The cost of properties retired or otherwise disposed of, together with the accumulated depreciation provided thereon, is eliminated from the accounts. The net gain or loss is recognized in other income and expense. Leased property and equipment under capital leases are amortized using the straight-line method over the term of the lease. Routine maintenance, repairs and replacements are charged to operations. Expenditures that materially increase values, change capacities or extend useful lives are capitalized. Under the provisions of Statement of Position No. 98-1, “Accounting for the Cost of Computer Software Developed or Obtained for Internal Use,” the Company capitalizes costs associated with software developed or obtained for internal use when both the preliminary project stage is completed and management has authorized further funding for the project which it deems probable will be completed and used to perform the function intended. Capitalized costs include only (1) external direct costs of materials and services consumed in developing or obtaining internal-use software, (2) payroll and payroll-related costs for employees who are directly associated with and who devote time to the internal-use software project, and (3) internal costs incurred, when material, while developing internal-use software. Capitalization of such costs ceases no later than the point at which the project is substantially complete and ready for its intended purpose.

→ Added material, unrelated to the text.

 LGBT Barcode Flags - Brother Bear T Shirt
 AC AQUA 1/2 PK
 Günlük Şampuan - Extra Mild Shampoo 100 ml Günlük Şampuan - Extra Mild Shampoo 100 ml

Revenue and Cost Recognition: Revenues from the sale of commercial products are recognized upon passage of title, risk of loss, and risk of ownership to the customer, which in most cases coincides with shipment. Other shipping terms used on occasion include, but are not limited to FOB-Destination and Ex-Works. Freight costs to the customer are deducted from revenue. Revenues from long-term, fixedprice contracts are recognized on the percentage-of-completion method, measured based on the achievement of certain milestones in the production and fabrication process. Such milestones have been weighted based on the critical nature of the operation performed, which management believes is the best available measure of progress on these contracts. Revenues related to cost-plus-fee contracts are recognized on the basis of costs incurred during the period plus the fee earned. Contract costs comprise all direct material and labor costs, including outside processing fees, and those indirect costs related to contract performance. Provisions for estimated losses on uncompleted contracts are made in the period in which such losses are determined.

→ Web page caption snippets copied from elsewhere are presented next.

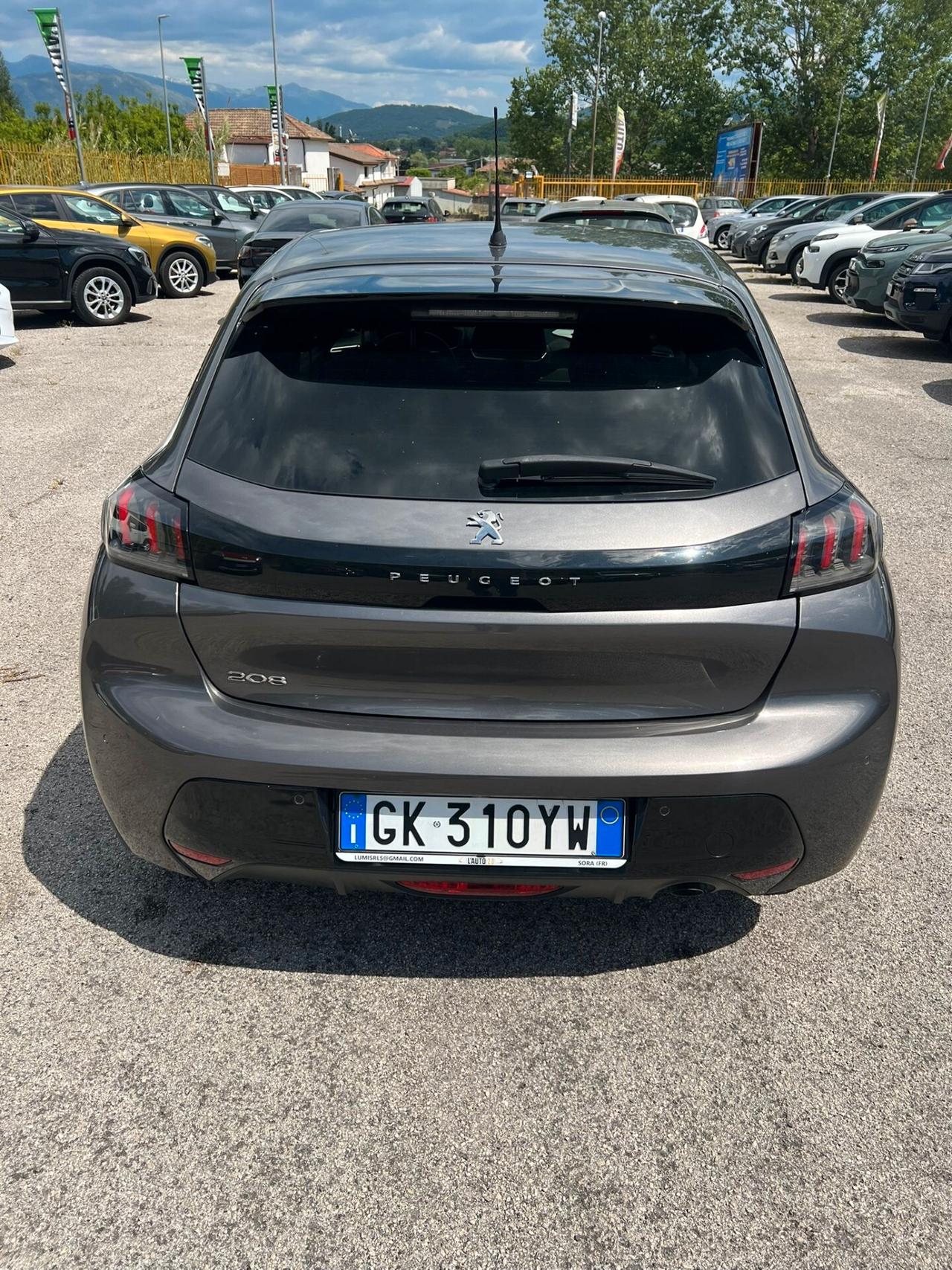 Peugeot 208 BlueHDi 100 Stop&Start 5 porte Allure Pack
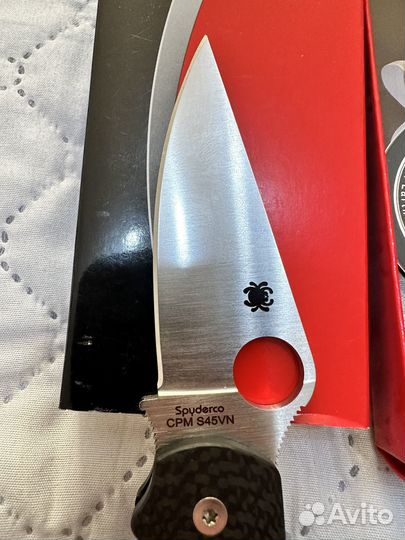 Spyderco paramilitary 2 s45vn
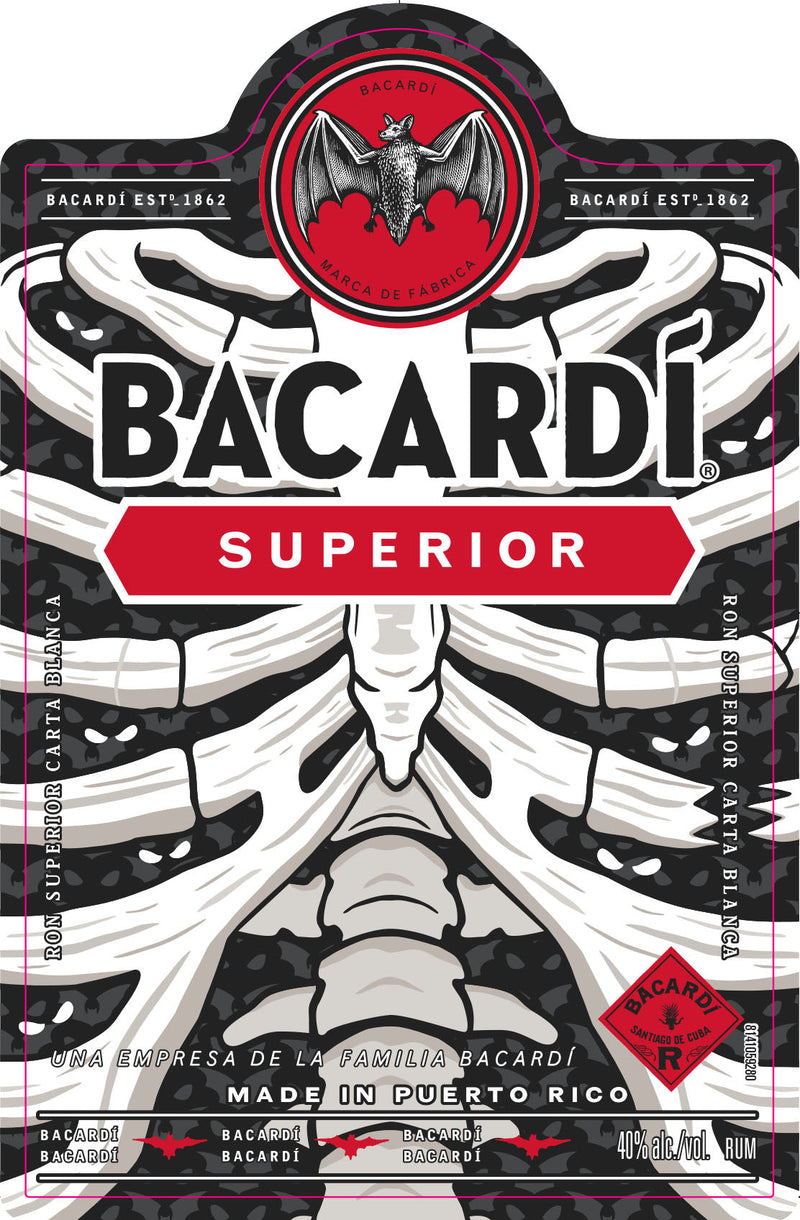 Bacardi Superior White Rum - Main Street Liquor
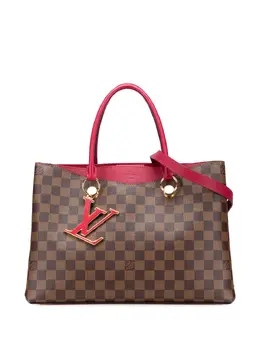 Louis Vuitton 2019 Damier Ebene Riverside satchel 31124174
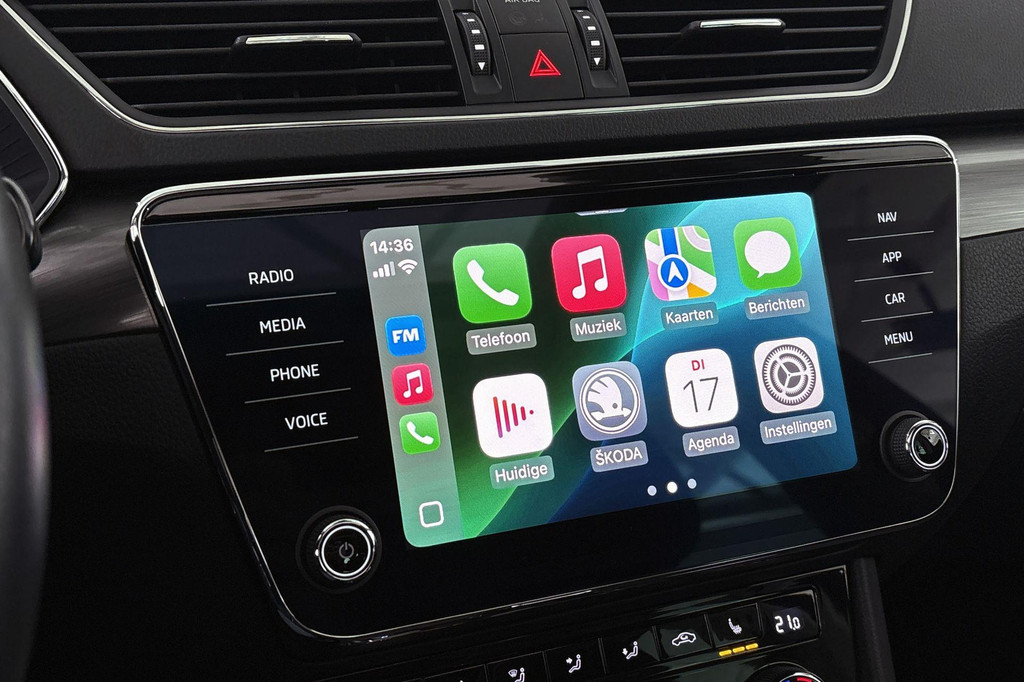 ŠKODA Superb (KBT40S) met abonnement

Goodwill: Goodwill arising from business acquisitions, which represents the excess of the purchase price over the fair value of the assets acquired, is recorded as an asset. Prior to adoption of Statement of Financial Accounting Standards No. 142 (“SFAS No. 142), “Goodwill and Intangible Assets,” goodwill was amortized using the straight-line method over the economic life of the asset acquired, not to exceed 25 years. Under SFAS No. 142, goodwill amortization ceased and the carrying amount of goodwill is tested at least annually for impairment. Absent any events throughout the year which would indicate an impairment, the Company performs annual impairment testing during the fourth quarter. There have been no impairments to date.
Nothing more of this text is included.